肌は雪のように白く、花のように可憐な、雪花姫という美しい姫だった。
雪花姫を我が妻に、という者も多く、中でも大納言頼勝はしばしば言い寄ったが、よく思わない姫は断り続けていた。
やがて力ずくで姫を我が物にしようとする陰謀に気づき、身の危険を感じた姫は、わずかな共をつれて都を逃れる。
都をはなれ、遥かに人里を離れてたどり着いたのが、奥多賀の地。
この人里はなれた、ひっそりとした農村で四季を過ごし、やがて村の若者と結婚した姫は、奥多賀の地を終生の住処と決める。

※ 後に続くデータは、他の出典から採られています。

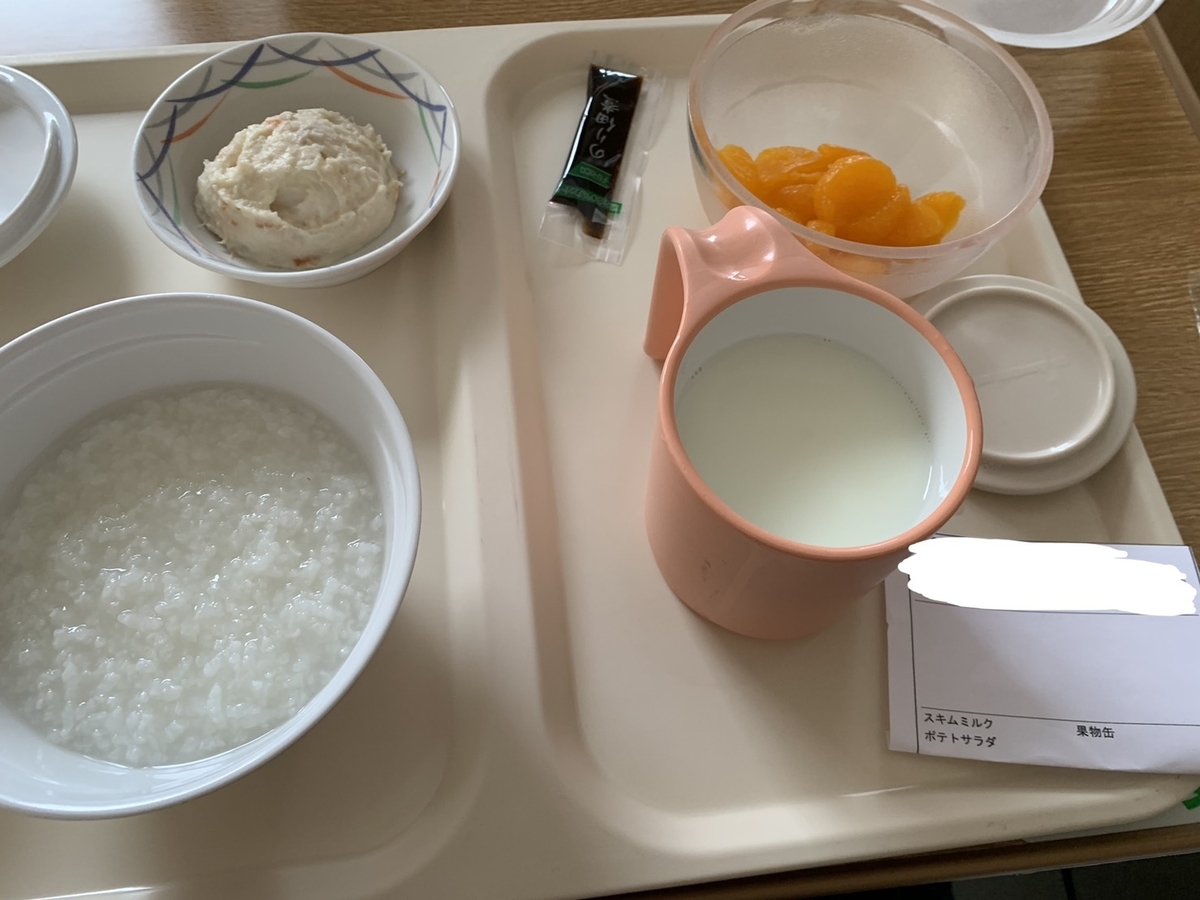 f:id:tk_marupo:20210901111833j:plain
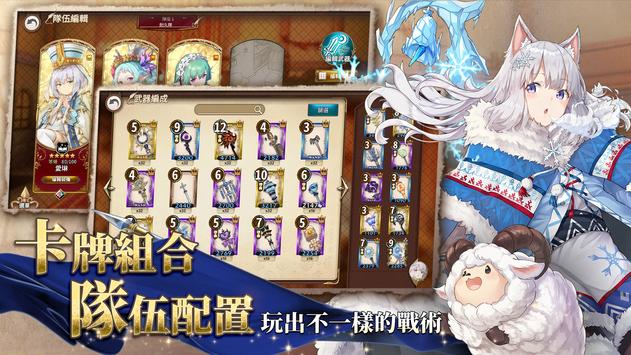 锻造屋的物语ZoldOut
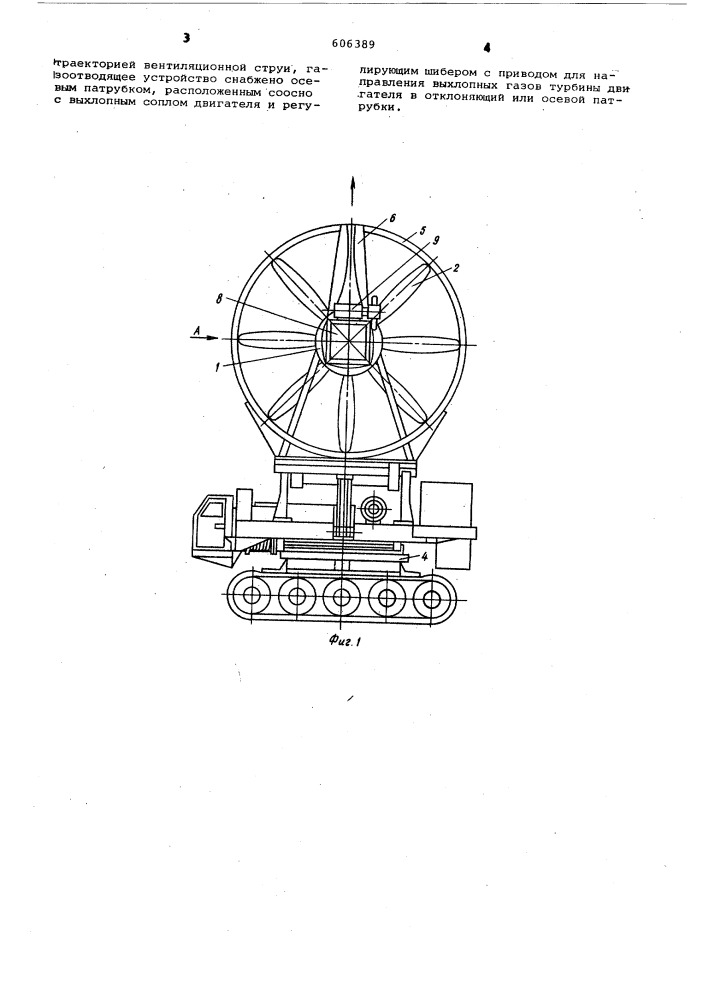 Карьерный турбовентилятор (патент 606389)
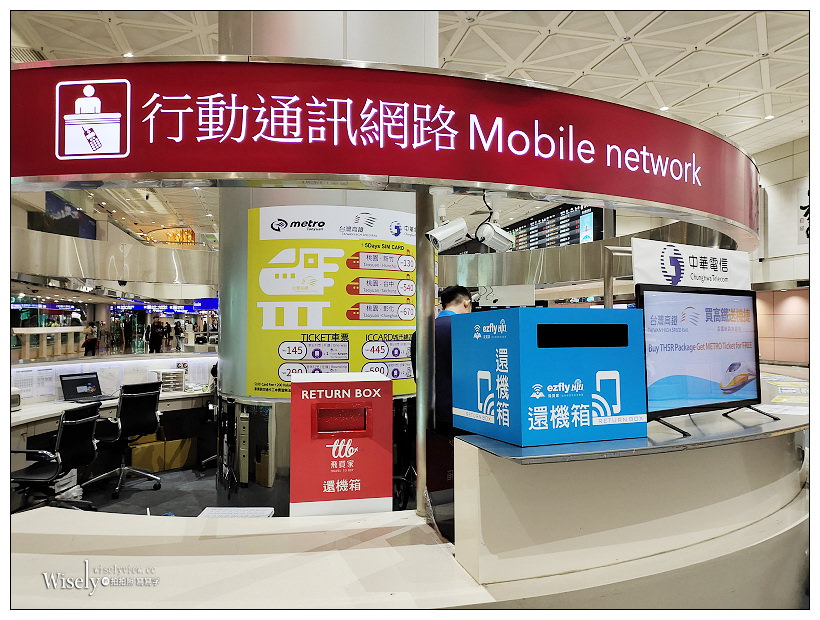 飛買家。2019日本上網實測︱日本WIFI飛譯通 & 日本5天4G高速上網卡 飛買家。2019日本上網實測︱日本WIFI飛譯通 & 日本5天4G高速上網卡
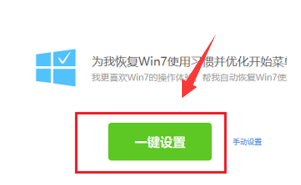 win10主题怎么换成win7 win10主题换成win7教程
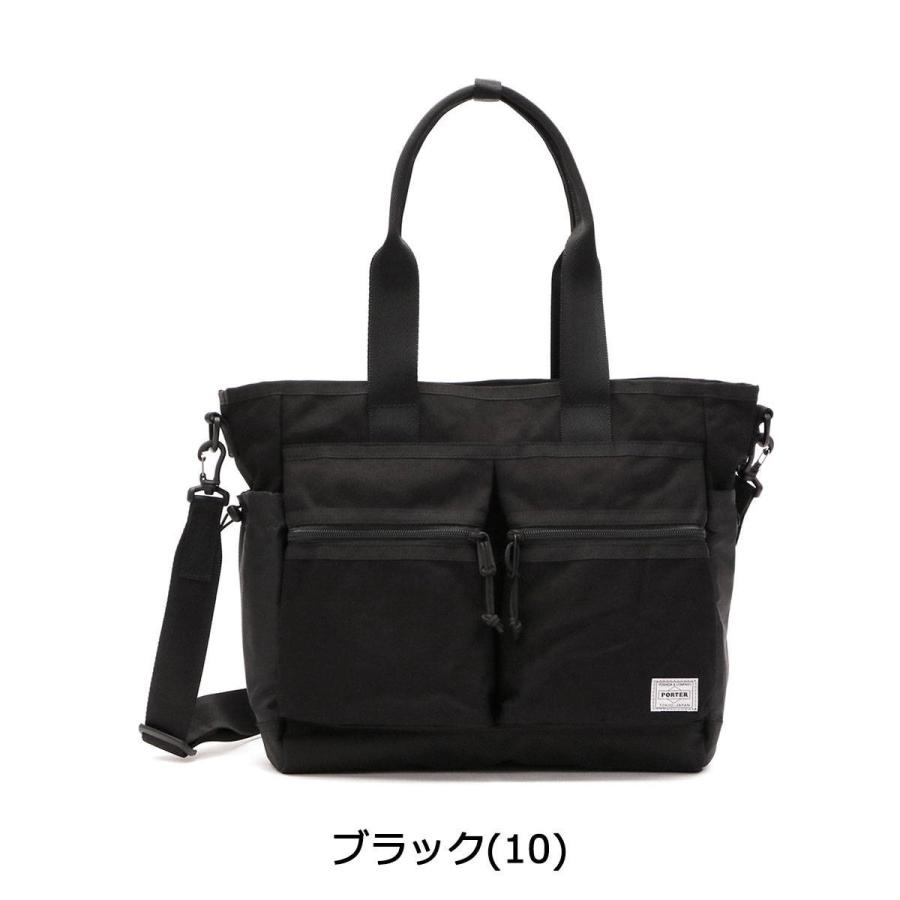 ポーター スイッチ 2WAYトートバッグ(S) 874-19672 トートバッグ 吉田 ポーター スイッチ 2WAYトートバッグ(S) 874-19672 トートバッグ 吉田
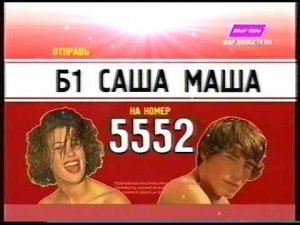 Реклама Bridge TV (2007) 4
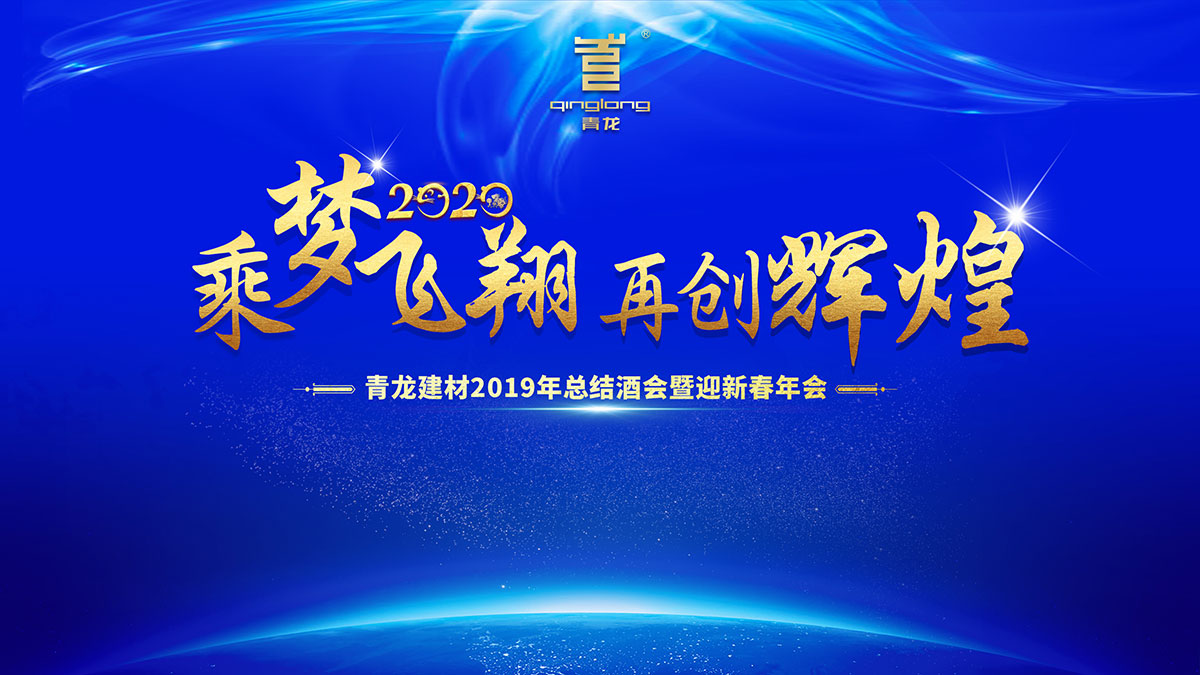 2019年青龍公司中山迎新年會(huì)圓滿召開 防水補(bǔ)漏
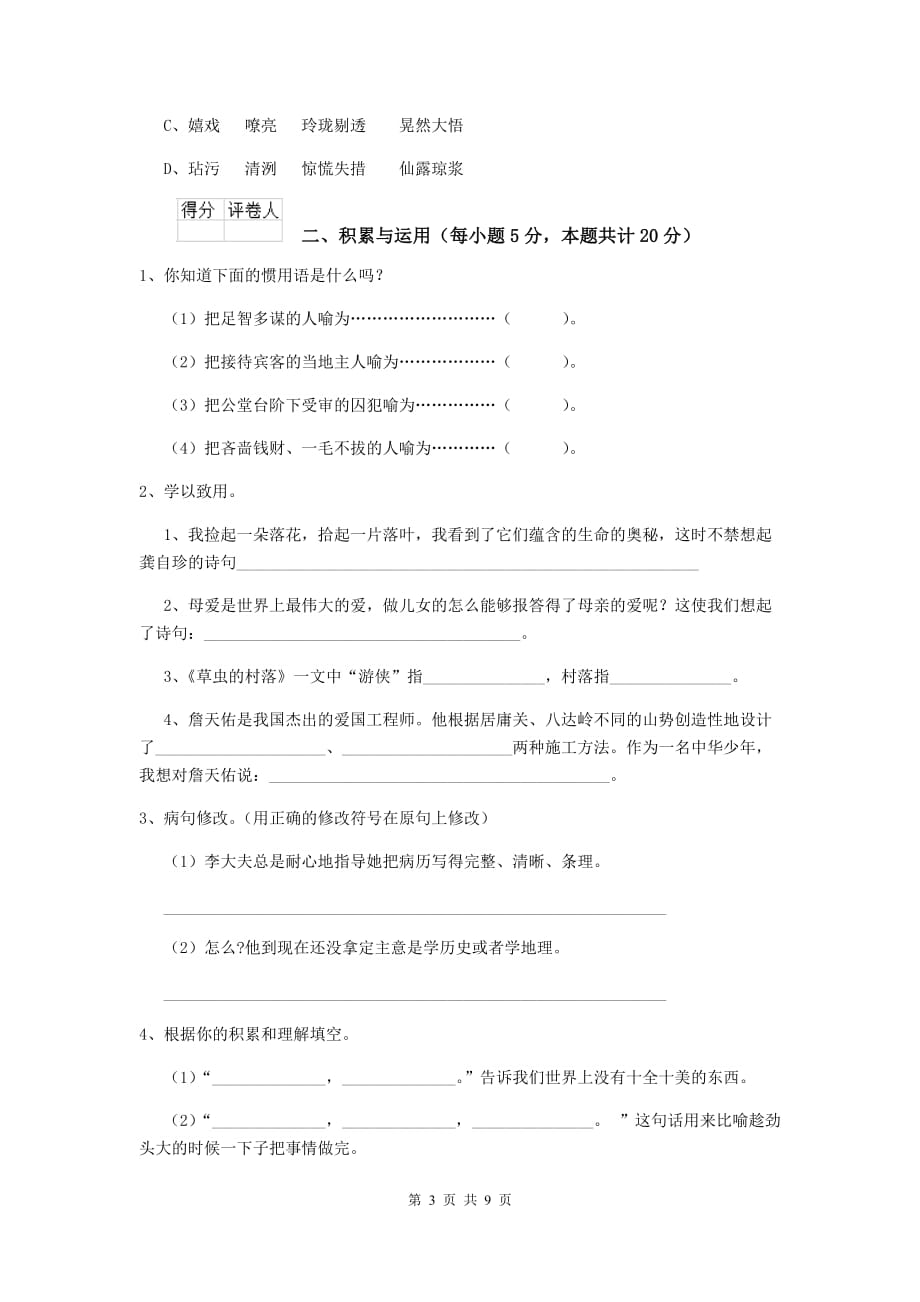 义县六年级语文上学期期末考试试卷 含答案_第3页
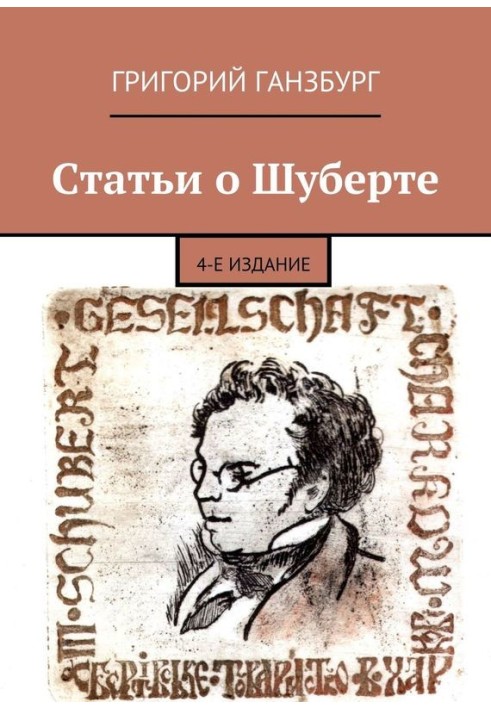Книга Статьи о Шуберте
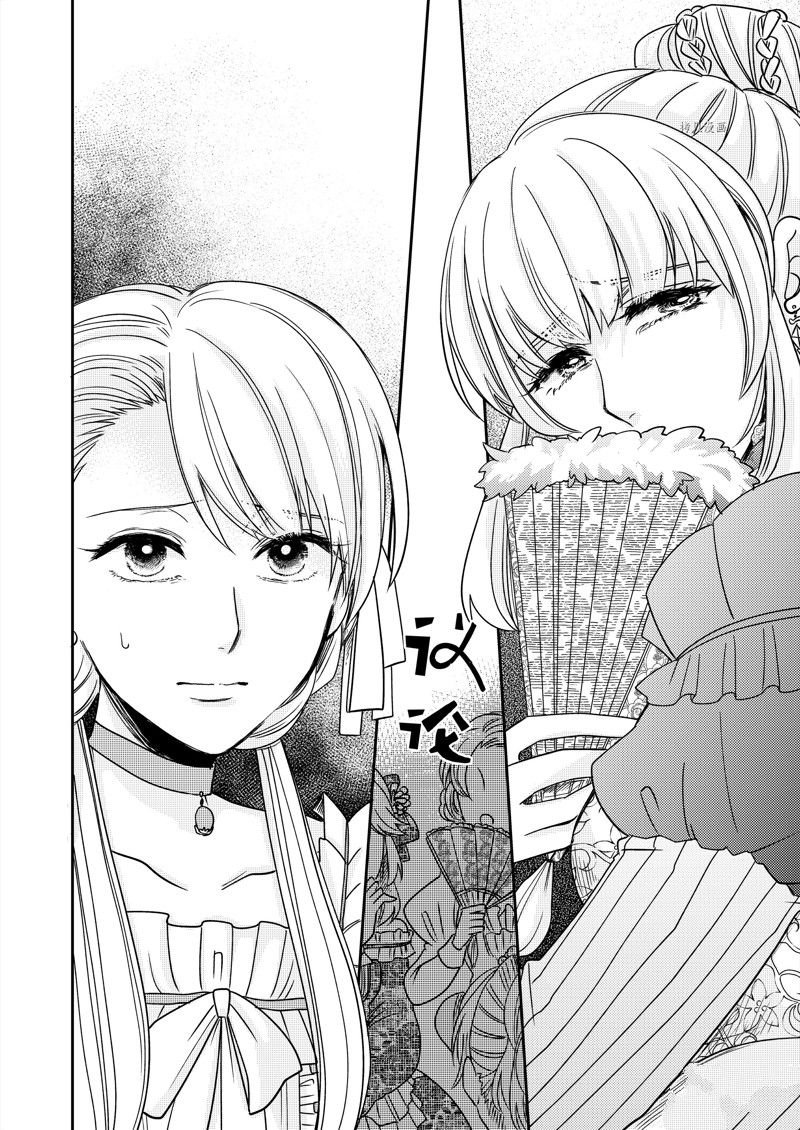 2部13话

そして、この地で幸せな日々を送り生涯を閉じた、と言い伝えられている。
雪花姫の墓は村のはずれの山裾にひっそりとあった。
石積みの塚の上に、高貴な人を思わせる、墓があった。
古びてはいるが、普通の墓とは違う高貴さを持った墓だった。
すみれ、れんげ、白、黄、紫、赤・・の野の花を摘んで、お墓に手向けた。
しばらく、雪花姫を偲んで、しの笛を吹いた。
さぞ美しい姫だったことだろう。
華美、華麗な都を離れ、こんなにも山奥にひっそりと生涯を送った雪花姫。
しかし、清水は豊かで、野山の幸は多く、権力闘争と陰謀に明け暮れる都の暮らしより、はるかに平穏で幸せだっただろう、と思えた。
墓の近くには宇多さん、と言う名の家が三軒ある。
あるいは、宇多天皇から賜った姓なのかもしれない。
この雪花姫の伝説は、現代人にそのまま通じるところがある。
喧騒で慌しい都会生活から自分を取り戻すために、田舎に暮らしの場を移す人達も多い。
ほんとの幸せというのは、ひっそりと穏やかな自然の中での暮らしにあるのだろうと思う。
現代人が忘れている幸せ、それを思い出させてくれるような伝説。
・・・それが雪花姫伝説だ。
雪花姫の墓を後にして、近くの藤の花を前に一興にと、しの笛を吹いていた。
そこへ鹿が突然現れた。藤の花の下のせせらぎにいて、目の前で、長い間、しの笛に耳を傾けていた。
大人の鹿ではない、可愛い小鹿で、いつまでも立ち去ろうとしない。
しの笛を吹き終えたら、せせらぎに沿って消えていった。